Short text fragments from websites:

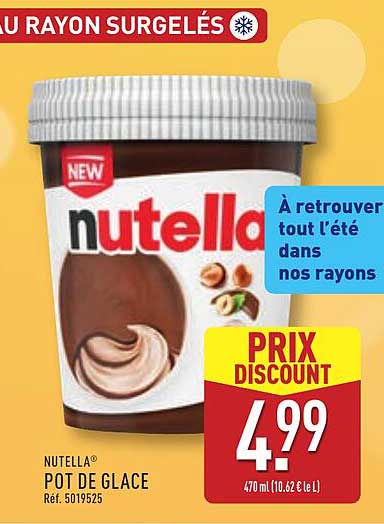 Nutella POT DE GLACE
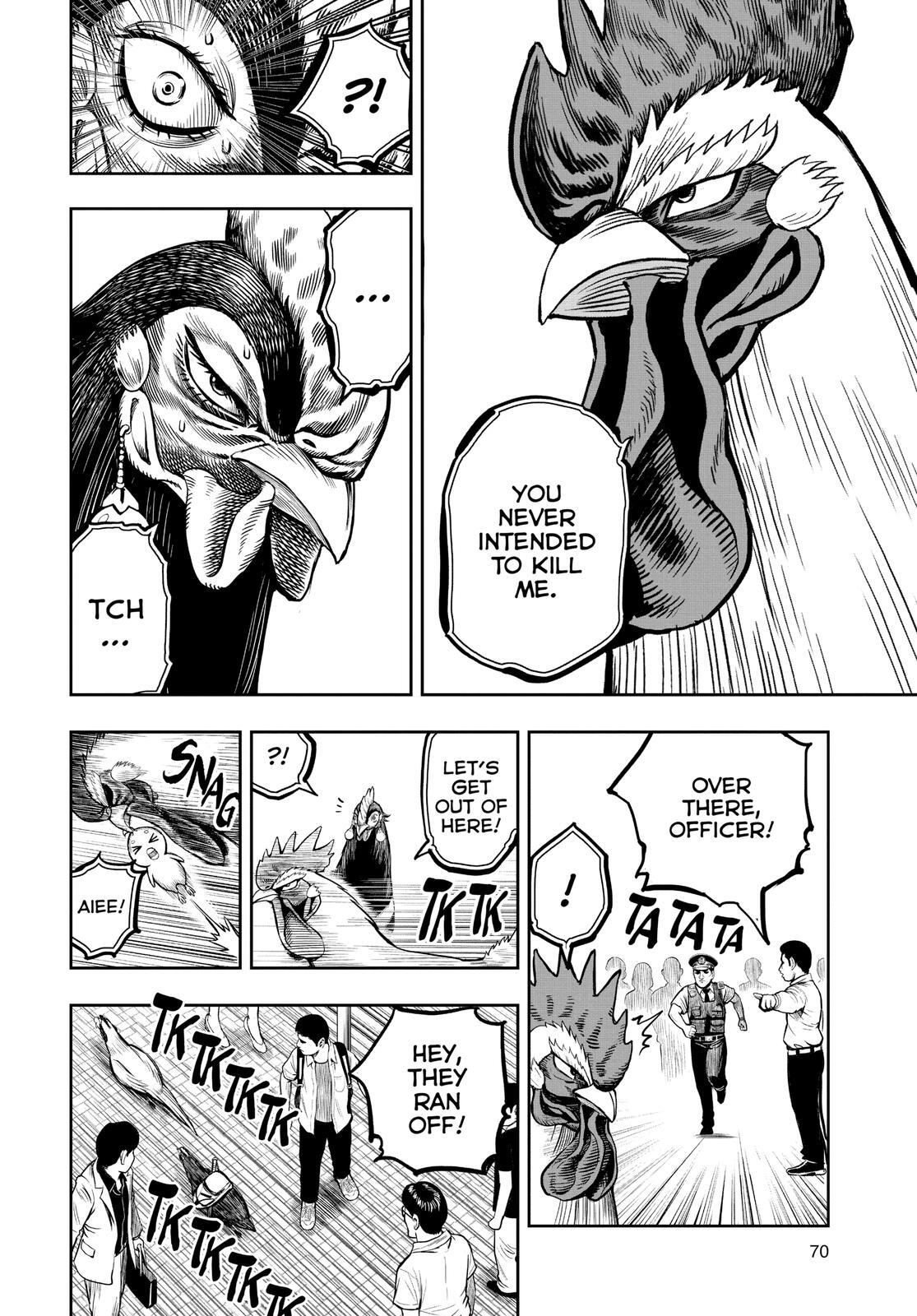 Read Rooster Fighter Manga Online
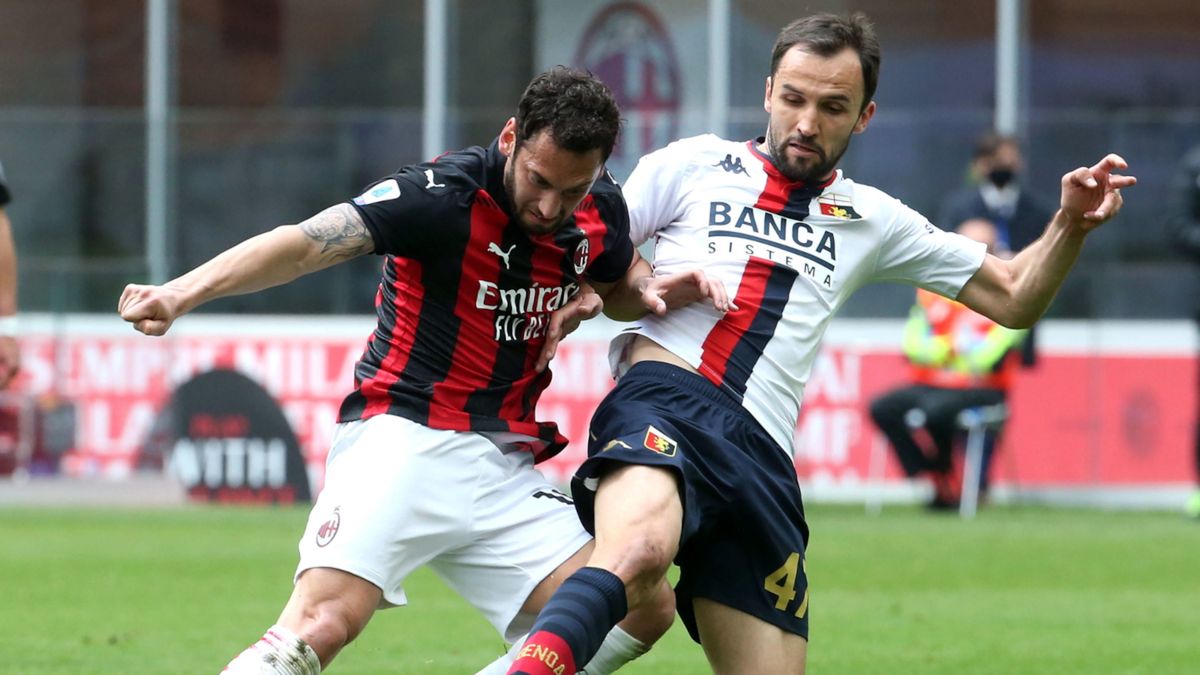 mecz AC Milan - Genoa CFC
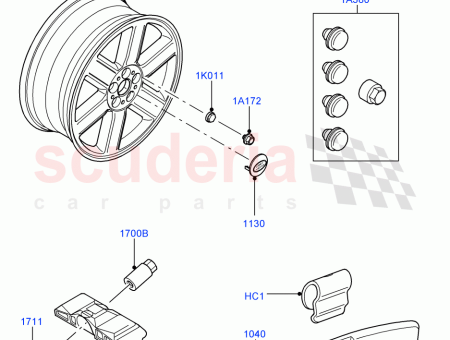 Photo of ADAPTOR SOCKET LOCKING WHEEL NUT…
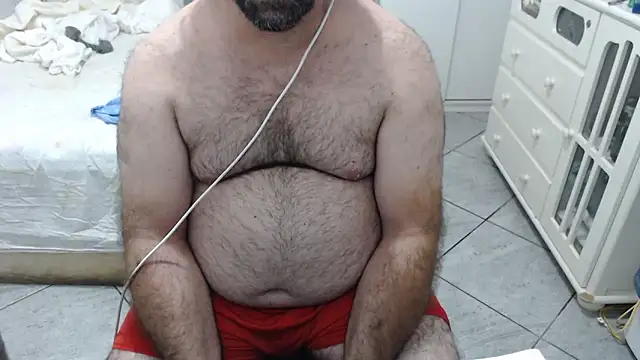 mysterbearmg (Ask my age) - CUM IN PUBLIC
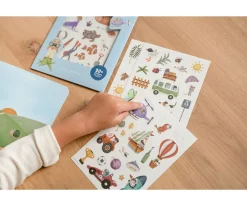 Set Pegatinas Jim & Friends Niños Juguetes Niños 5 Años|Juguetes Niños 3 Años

# [Instructions for the task]
No picture belongs in the answer, but every word of the records above does, exactly as given.

# [Your solution]
 Nutella POT DE GLACE
 Read Rooster Fighter Manga Online
 mecz AC Milan - Genoa CFC
 Photo of ADAPTOR SOCKET LOCKING WHEEL NUT…
 mysterbearmg (Ask my age) - CUM IN PUBLIC
 Set Pegatinas Jim & Friends Niños Juguetes Niños 5 Años|Juguetes Niños 3 Años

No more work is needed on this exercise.